▸ Problem statement
Skip the pictures and repeat each line of the data exactly.

▸ Input data
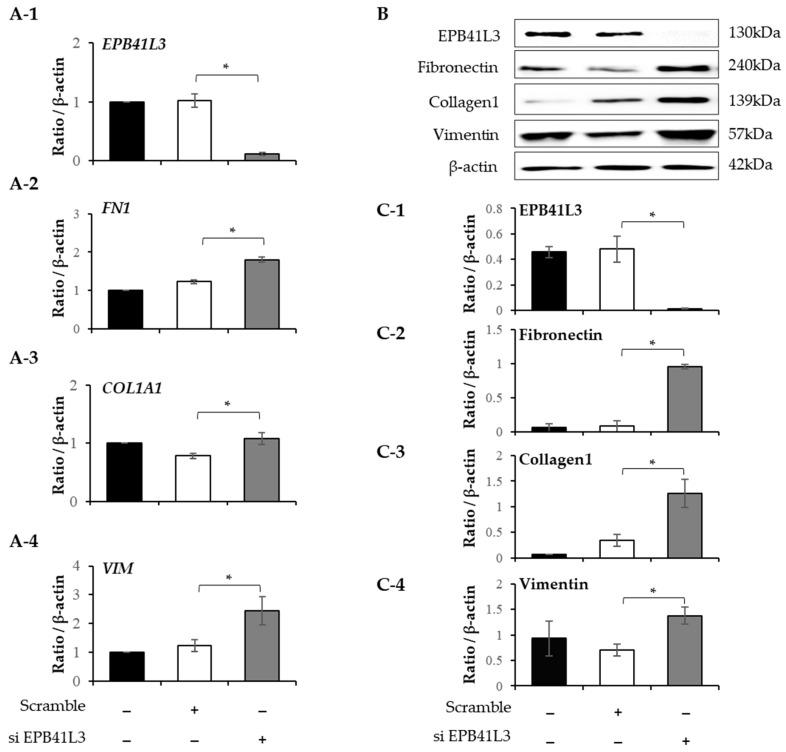 https://cdn.ncbi.nlm.nih.gov/pmc/blobs/b80f/10298908/0e71db8b5ccc/ijms-24-10182-g007.jpg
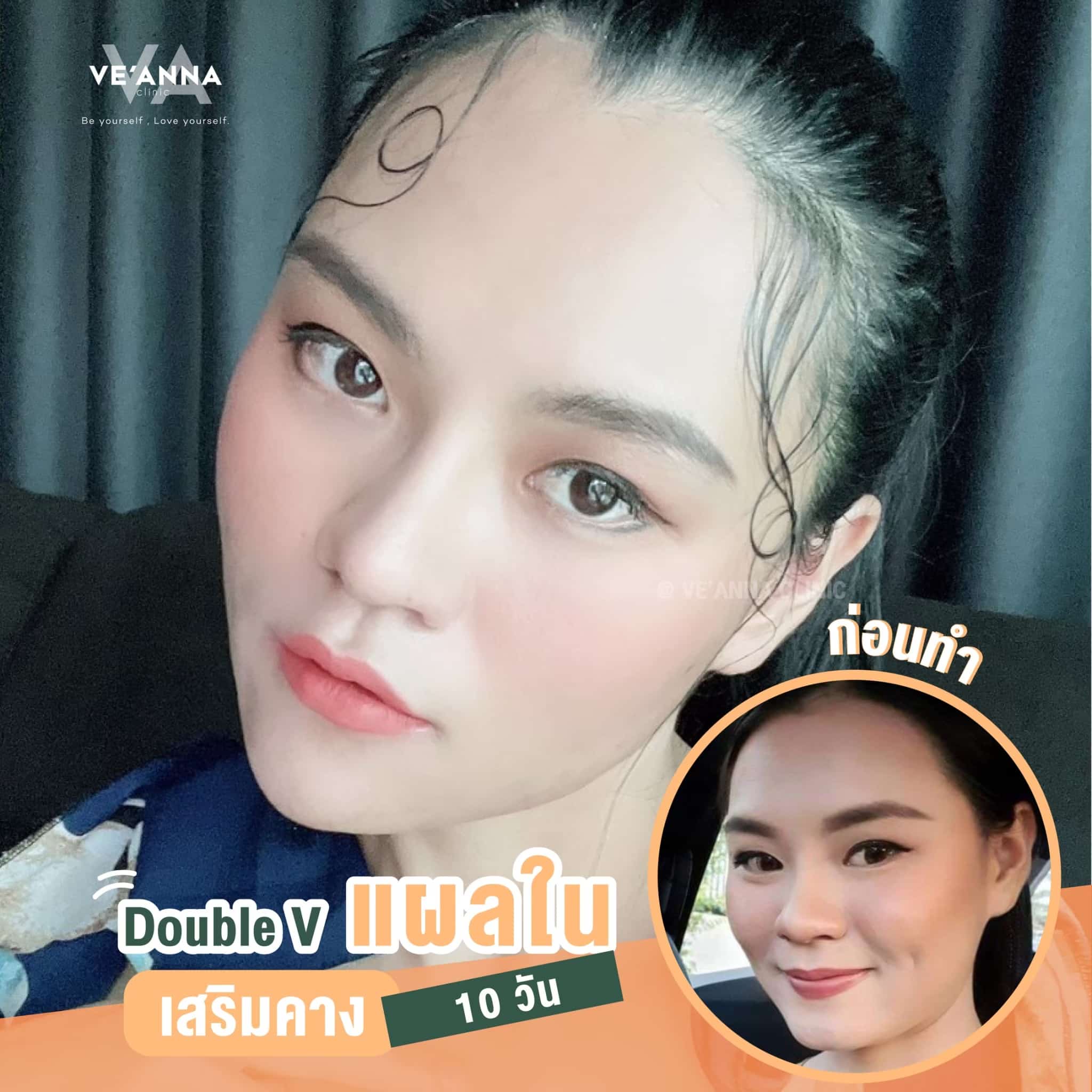 รีวิวการเสริมคางแผลใน Double V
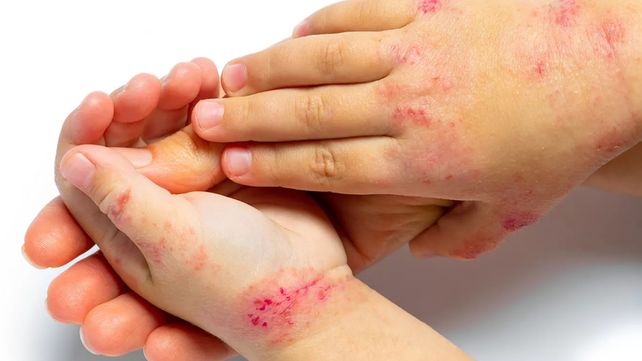 Preocupa la falta de tratamiento inmediato en pacientes con dermatitis atópica
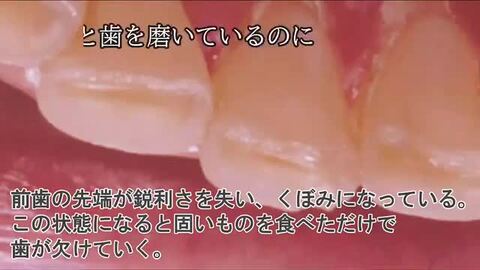 【即日発送】知る・診る・対応する 酸蝕症 知る・診る・対応する 酸蝕症の購入ならWHITE CROSS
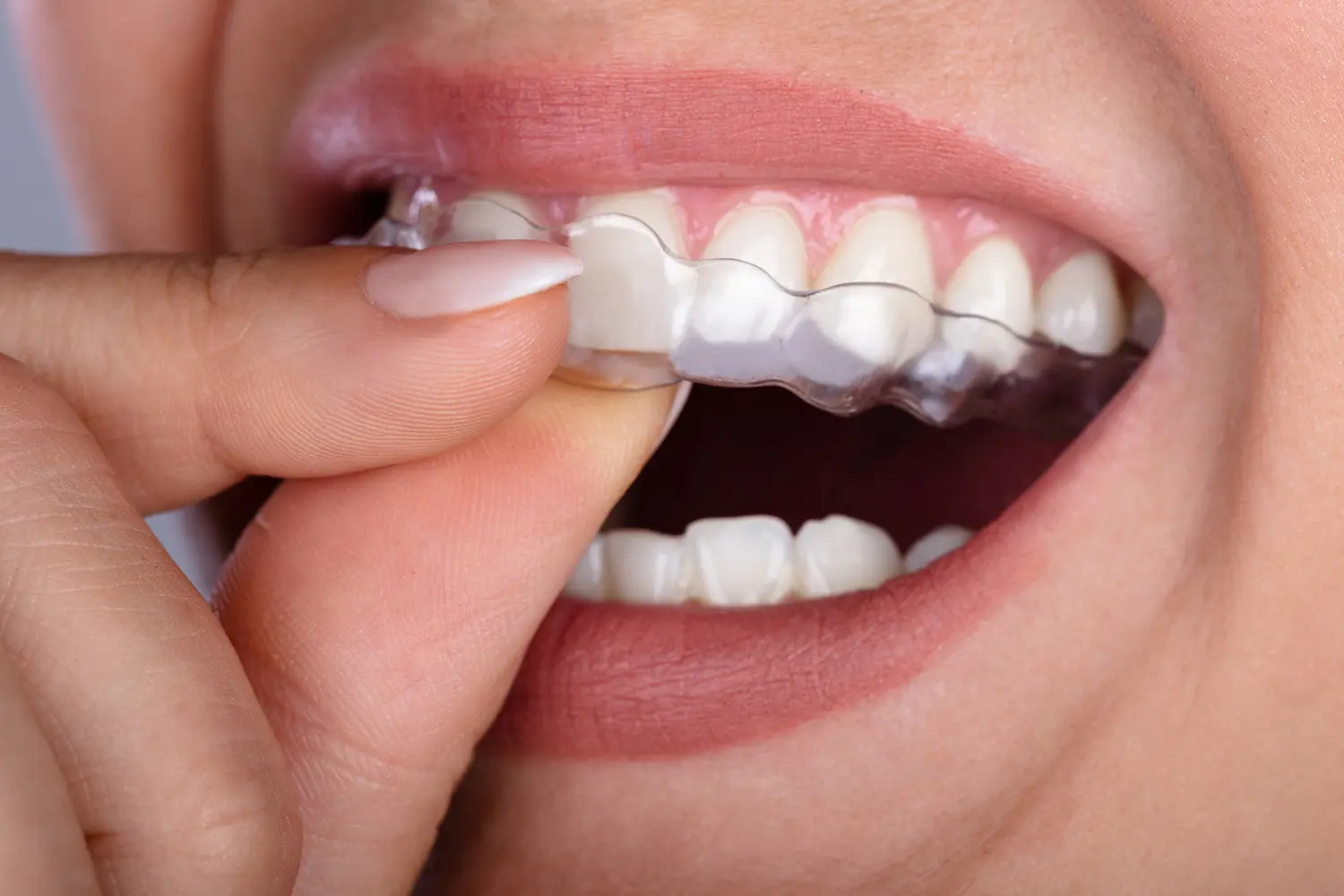 Orthodontic Services in Gulf Breeze, FL | Pearl and Pine Dental Studio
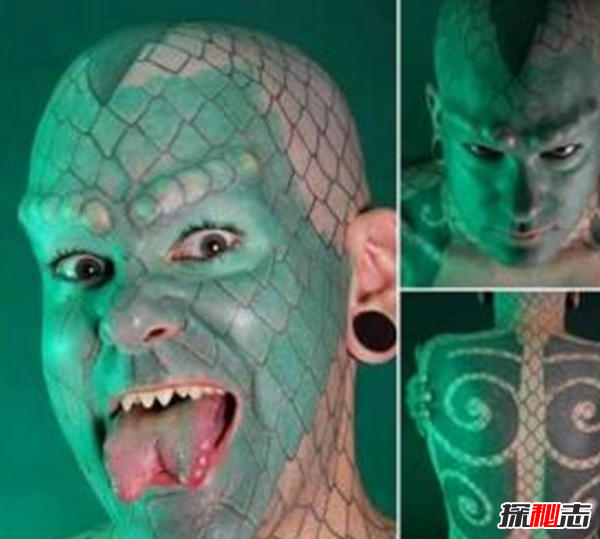 卟啉病為什么要喝血?卟啉病真實(shí)患者圖片(吸血鬼的原型病)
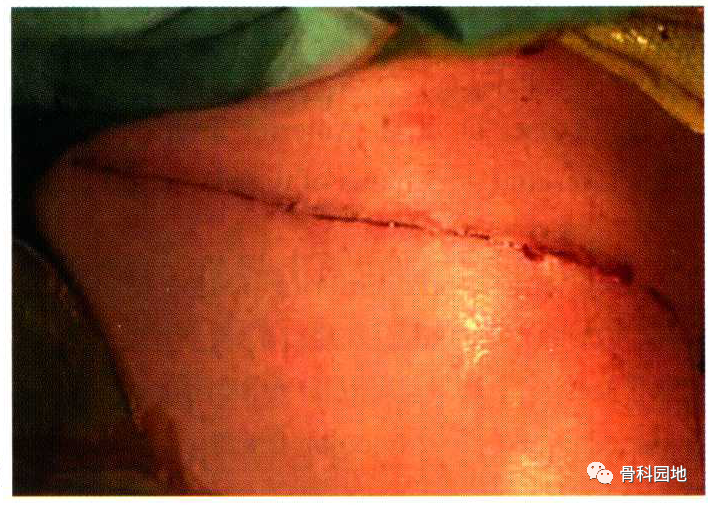 不得不知的锁骨骨折切开复位钢板螺钉内固定经验技巧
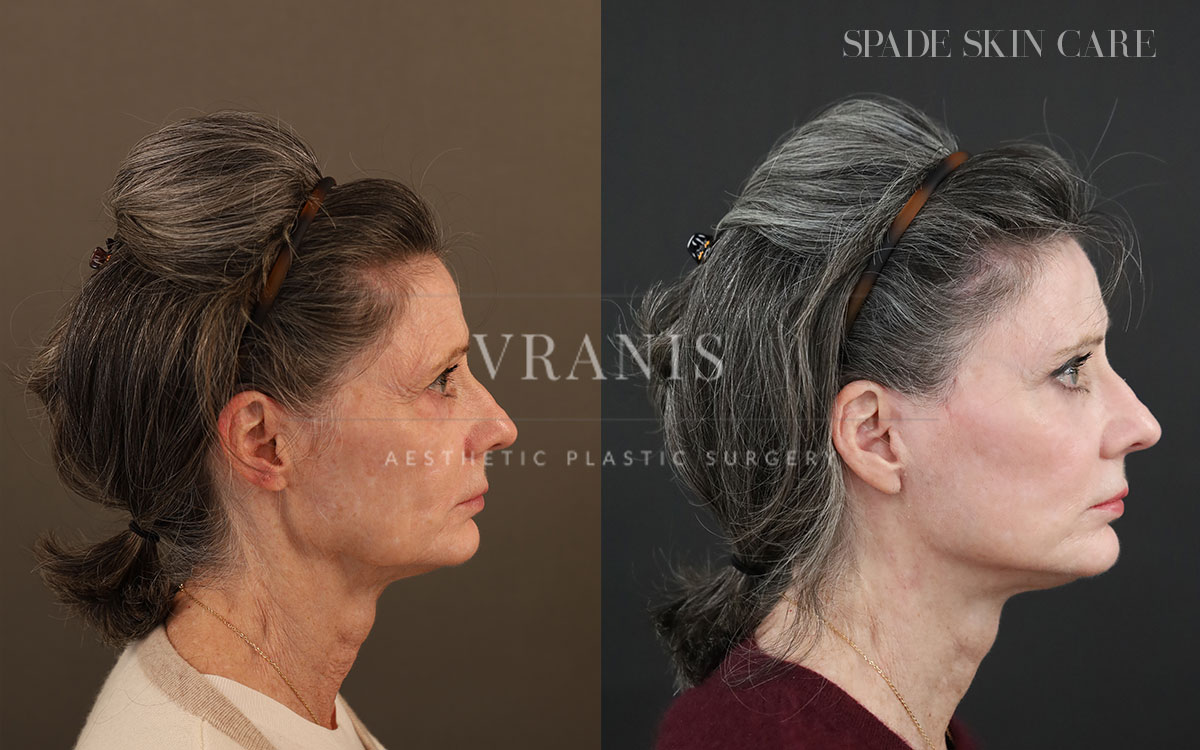 Face-Rejuvenation-Result-13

▸ Response area
 https://cdn.ncbi.nlm.nih.gov/pmc/blobs/b80f/10298908/0e71db8b5ccc/ijms-24-10182-g007.jpg
 รีวิวการเสริมคางแผลใน Double V
 Preocupa la falta de tratamiento inmediato en pacientes con dermatitis atópica
 【即日発送】知る・診る・対応する 酸蝕症 知る・診る・対応する 酸蝕症の購入ならWHITE CROSS
 Orthodontic Services in Gulf Breeze, FL | Pearl and Pine Dental Studio
 卟啉病為什么要喝血?卟啉病真實(shí)患者圖片(吸血鬼的原型病)
 不得不知的锁骨骨折切开复位钢板螺钉内固定经验技巧
 Face-Rejuvenation-Result-13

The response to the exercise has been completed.